A total of 10 546 total thyroidectomy procedures were included in the analyses. Of these, 8500 patients (81.0%) were male and 4877 (46.2%) were aged 45 to 64 years. Additional patient characteristics are summarized in eTable 3 in the Supplement. Surgeons with annual volumes of 1 to 9 total thyroidectomies operated on 2912 patients (27.7%), those with an annual volume of 10 to 19 operated on 3404 patients (32.6%), and those with an annual volume of 20 or more operated on the remaining 4232 patients (40.6%). During 2008-2015, a mean of 53.5 (range, 46-198) thyroidectomies were performed each year by surgeons with an annual volume greater than or equal to 40 procedures (after excluding the outlier high-volume surgeon).

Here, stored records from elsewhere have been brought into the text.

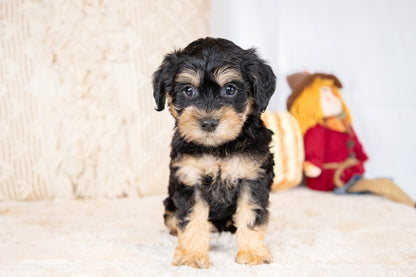 Coner-Schnoodle Male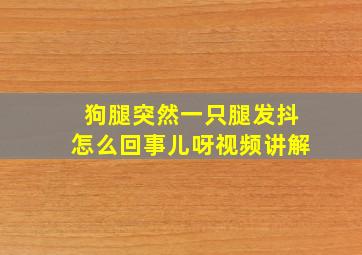 狗腿突然一只腿发抖怎么回事儿呀视频讲解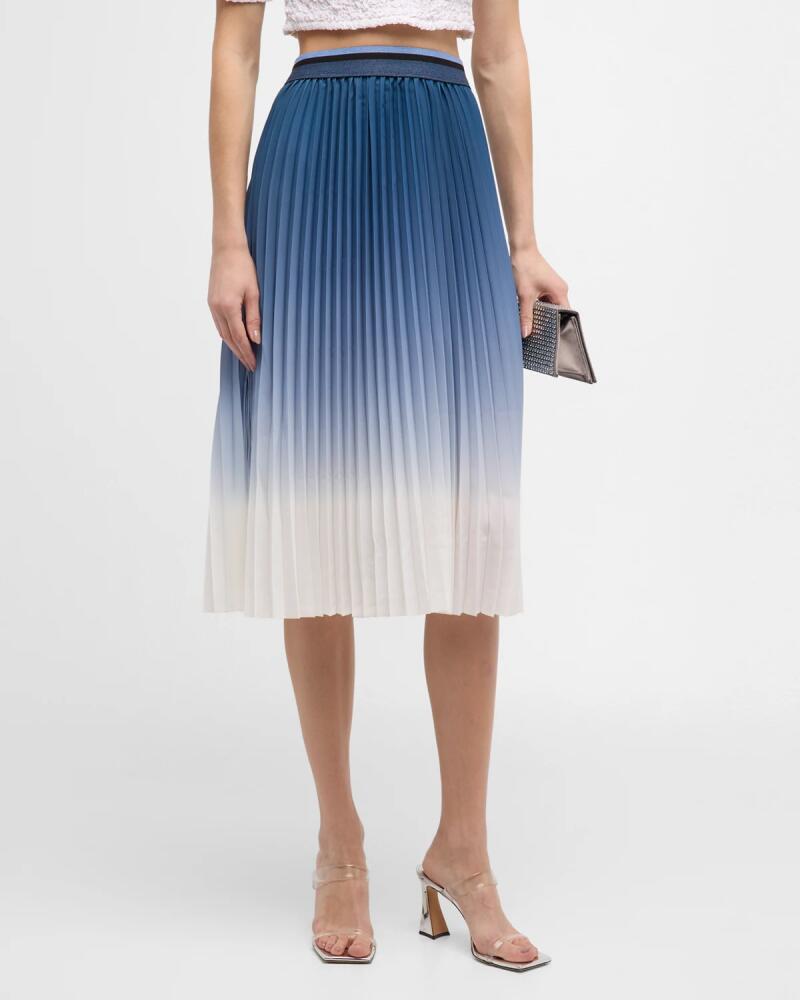 Le Superbe Pleated Ombre Skirt Cover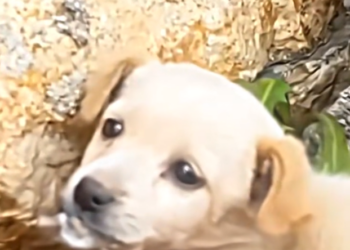 H1202027_poor little dog had things stuck in his mouth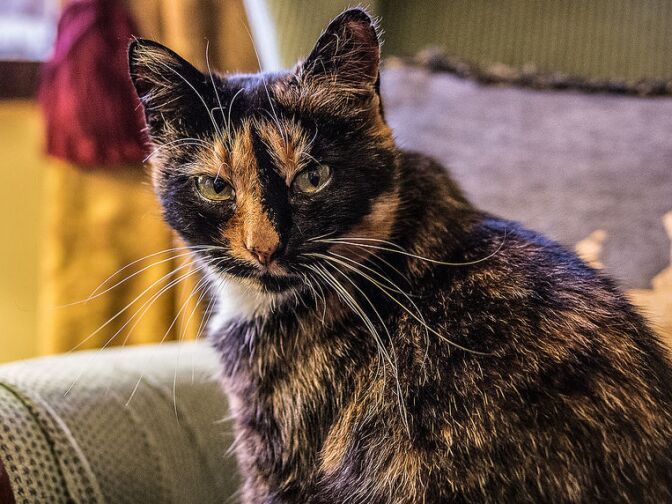 Tortoiseshell cat at home.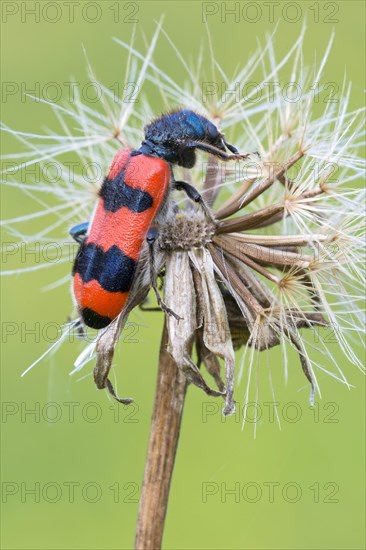 Bee beetle (Trichodes apiarius)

Among all patients who underwent total thyroidectomy, 632 (6.0%) experienced transient hypoparathyroidism, and 170 (1.6%) experienced permanent hypoparathyroidism, whereas 440 (4.2%) experienced transient VCP and 182 (1.7%) experienced permanent VCP. Absolute decreases in complication rates when all surgeons had modeled minimum annual procedure volumes greater than 40 were low, ranging from 0.6% for permanent VCP and hypoparathyroidism to 1.5% for transient hypoparathyroidism.

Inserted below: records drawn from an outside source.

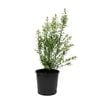 200mm Pittosporum Green Pillar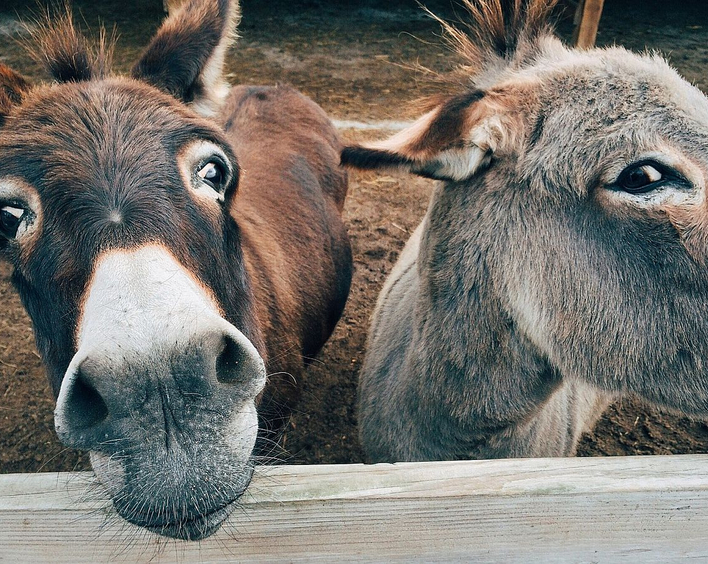 Draußen in der Natur - mit und ohne Tiere: Das bieten die Ferien-Aktionen. Foto: Pixabay/Wokandapix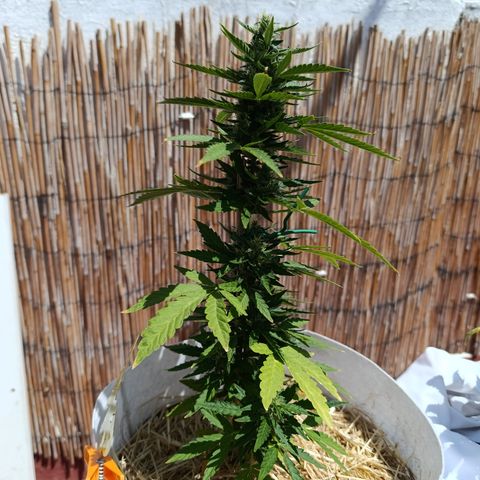Critical auto (alicante) growlog timeline photo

Figure 1 depicts both outcomes modeled with GAM. In Figure 1A, we calculated the point at which the curve crosses 0 on the y-axis as occurring at 18.2 (95% CI, 15.0-21.5) procedures per year, representing the annual surgeon procedure volume at which the rate of transient hypoparathyroidism begins to decrease. Although the curve paradoxically crosses the line again at higher annual volumes, this association was not statistically significant. A similar curve was obtained for permanent hypoparathyroidism (Figure 1C). In Figure 1B, we calculated the point at which the curve first crosses 0 on the y-axis as occurring at 18.1 (95% CI, 13.8-21.3) procedures per year, representing the point at which the rate of transient VCP begins to decrease below the mean. However, the curve in Figure 1B crosses 0 again at 56.7 (95% CI, 53.8-58.3) procedures per year, indicating that a higher surgeon procedure volume was associated with transient VCP. This paradoxical effect was not observed for permanent VCP (Figure 1D), although the point at which the curve first crosses the line was similar.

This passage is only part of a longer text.